Salmon recovery begins and ends with the Big H - habitat.

Cutting harvest has been the major response to declining salmon runs for the past 20 years. We accept that burden year after year with the hope that some day habitat -- the Big H -- will be addressed with the same conviction that we have shown in reducing harvests.

We are not in this mess because of harvest. Our harvest management process works. We didn't cause the problems, but we will step up to protect the resource.

In Puget Sound we have made great strides in how the other Hs -- harvest and hatcheries -- affect wild salmon stocks. Through the Shared Strategy for Puget Sound, a bottoms-up cooperative conservation effort that is bringing together everyone with a stake in the salmon resource, we are integrating all of the Hs in a balanced approach to wild salmon recovery.

We have completed a recovery plan for threatened Puget Sound chinook that is now under review by the National Marine Fisheries Service, the federal agency in charge of implementing the Endangered Species Act.

What makes this plan different is that NMFS was an active participant in the development of the recovery plan. Now we must act to implement this solid plan.

Harvest and hatcheries are powerful management tools, but it's the Big H that brings salmon back year after year.
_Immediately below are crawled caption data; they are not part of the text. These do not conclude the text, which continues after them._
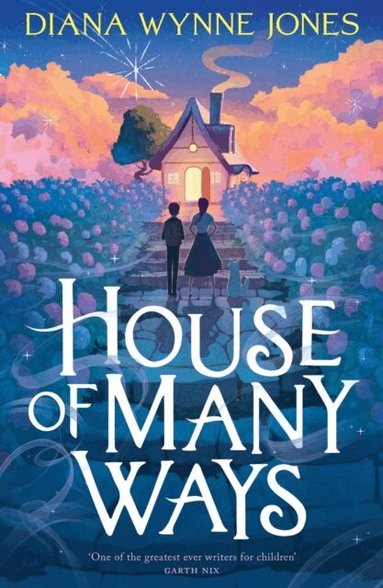 Diana Wynne Jones - House of Many Ways, Häftad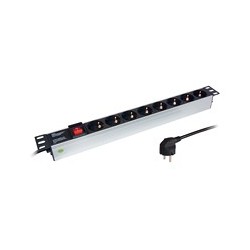 Schuko power strip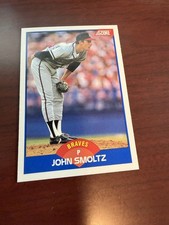 Click to enlarge John Smoltz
If we lose sight of that on Puget Sound, like has happened on the Klamath and Columbia rivers, we will soon be looking at fishing closures in our back yard.

There is an acceptance, by leaders back east and even by some folks out here, that cutting harvest and watching salmon disappear is somehow OK.

As long as they can take water, cut down trees and build shopping malls, they're fine with salmon and fisherman becoming extinct.

I can't accept that fate. I don't understand how salmon can be less important than a new shopping mall or road.

The Big H is sitting here for us to take on in Western Washington. To save our region from the fate of Oregon and California, we must make sure the mistakes of the Klamath River aren't repeated here.